QUANT-NET is a distributed system. A few critical quantum network functions require network-wide synchronization to provide a global notion of time. For example, entanglement provides a means to enables long-distance quantum communications. At present, due to technology immaturity, entanglement has been produced probabilistically over short distances with a short duration. Bell state measurement (BSM) is an essential function for entanglement generation over long distance. However, BSM can only be performed if both photons arrive at a BSMnode simultaneously. In addition, quantum measurement requires accurate timekeeping to correlate physically remote events. QUANT-NET achieves network-wide synchronization by using a master clock. All nodes synchronize with a single master clock. Dedicated high-resolution signal generators (e.g., Marconi signal generator) will be used as clocks.

Pulse-driven operations 

QUANT-NET operates on a pulse-driven basis to simplify quantum network operations. Critical pulse-driven quantum network functions include: (1) a trapped ion is driven by a sequence of laser pulses to generate photons, and ion-photon entanglements. Therefore, a Q-node can vary its photon generation time by properly controlling drive pulses. For BSM, because the photons’ time-of-flight from two Q-nodes to a BSM-node are different, the two Q-nodes can vary their photon generation time accordingly so that the generated photons can arrive at the BSM-node simultaneously. (2) Pulse-gated detection of photons helps to reduce dark counts to improve detection accuracy. 

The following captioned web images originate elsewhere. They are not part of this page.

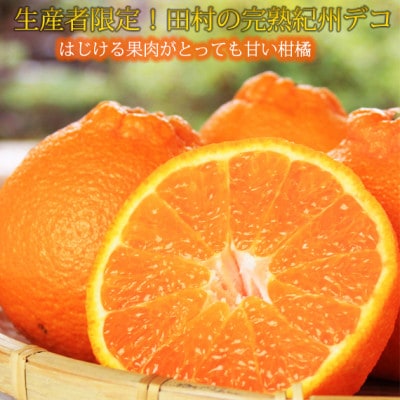 高級ブランド田村の完熟紀州デコ 不知火※2027年3月上旬頃～3月中旬頃に順次発送 【uot731】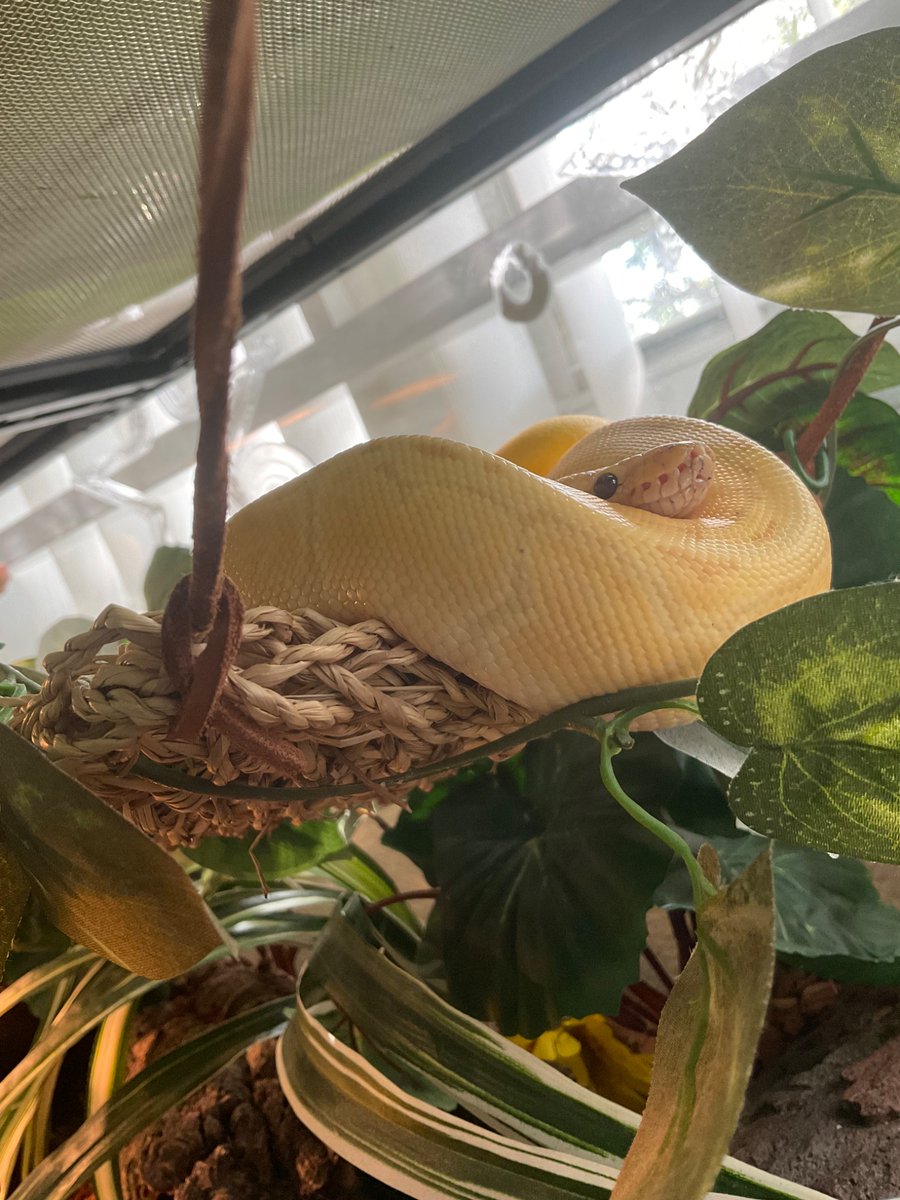 ballofapython's tweet photo. @kinako_bp_08 I haven’t grown a lot of spots yet, but maybe when I’m bigger 🤔 https://t.co/NdKsObNBYi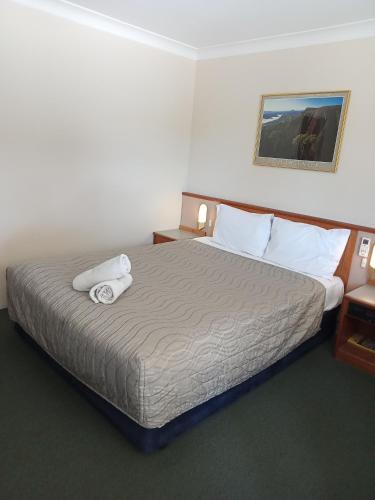 solomon inn wollongong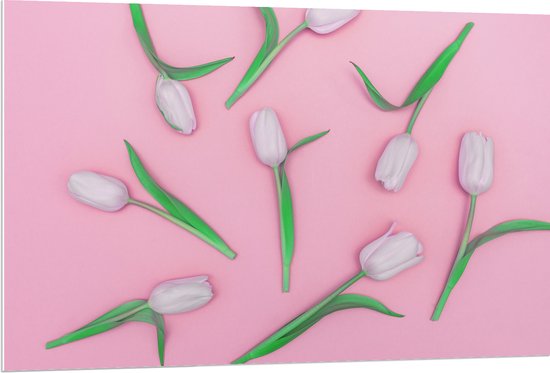 PVC Schuimplaat - Groepje Lichtroze Tulpen op Roze Oppervlak - 120x80 cm Foto op PVC Schuimplaat (Met Ophangsysteem)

Real-time control in a distributed environment 

Timing constraints to perform entanglement swapping to generate high-fidelity entanglements between remote ions (5+ km) are stringent. In addition, the accurate control and manipulation of trapped ions requires a time resolution of ns scale. This means that QUANT-NET requires tight timing control, which imposes hard real time constraints at the lowest levels. QUANT-NET applies a systematic approach to meet time constraints:

• Time-critical functions running on dedicated ARTIQ-based real-time control systems. 

• Dedicated ctrl&clk channels established for real-time communication between relevant entities. 

• Non-real-time functions such as monitoring proper functioning of all components, re-initiating calibration, and data analysis are executed in software in the CPU domain. 

• Non-real-time communications running through TCP/IP channels. 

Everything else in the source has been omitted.